WORK ITEM: All of the data should be given again word for word, though the images are to be left out.

DATASET EXCERPT:
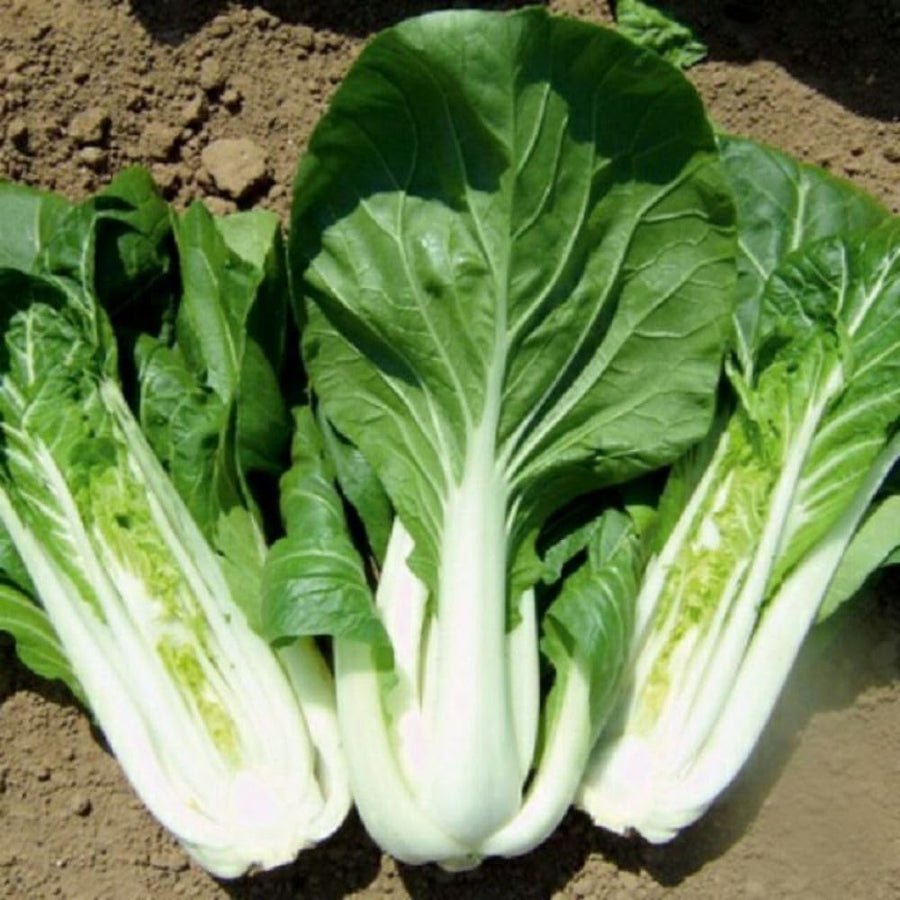 500+ White Pak Choi Seeds, Bok Choy Vegetable Seeds, Leafy Green Vegetable, Suitable for Home Garden Planting, Outdoor Growing Use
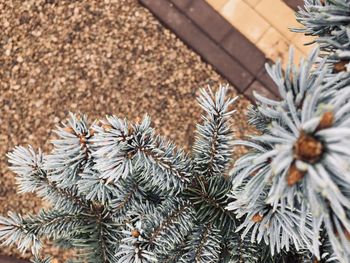 High angle view of pine cone on tree during winter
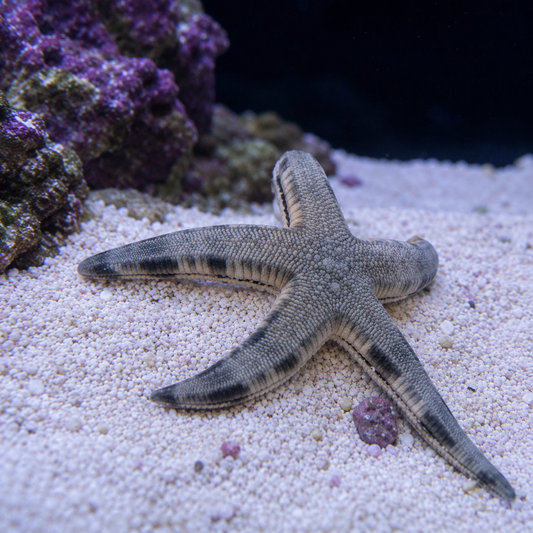 A live starfish resting on white sand in an aquarium setting with coral and rocks in the background.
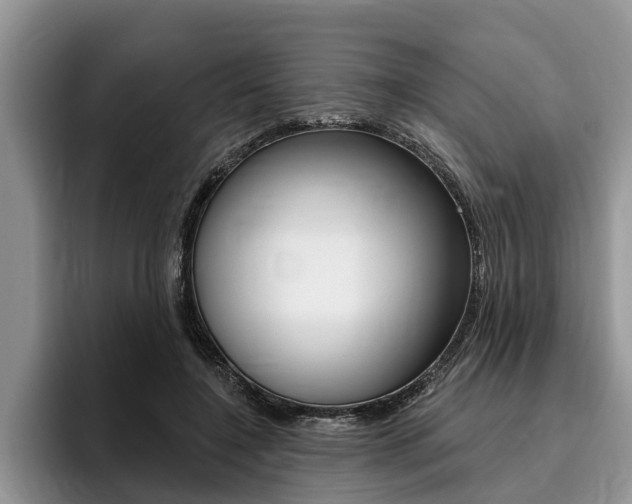 X0000096170548200801180832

RESULT OF THIS TASK:
 500+ White Pak Choi Seeds, Bok Choy Vegetable Seeds, Leafy Green Vegetable, Suitable for Home Garden Planting, Outdoor Growing Use
 High angle view of pine cone on tree during winter
 A live starfish resting on white sand in an aquarium setting with coral and rocks in the background.
 X0000096170548200801180832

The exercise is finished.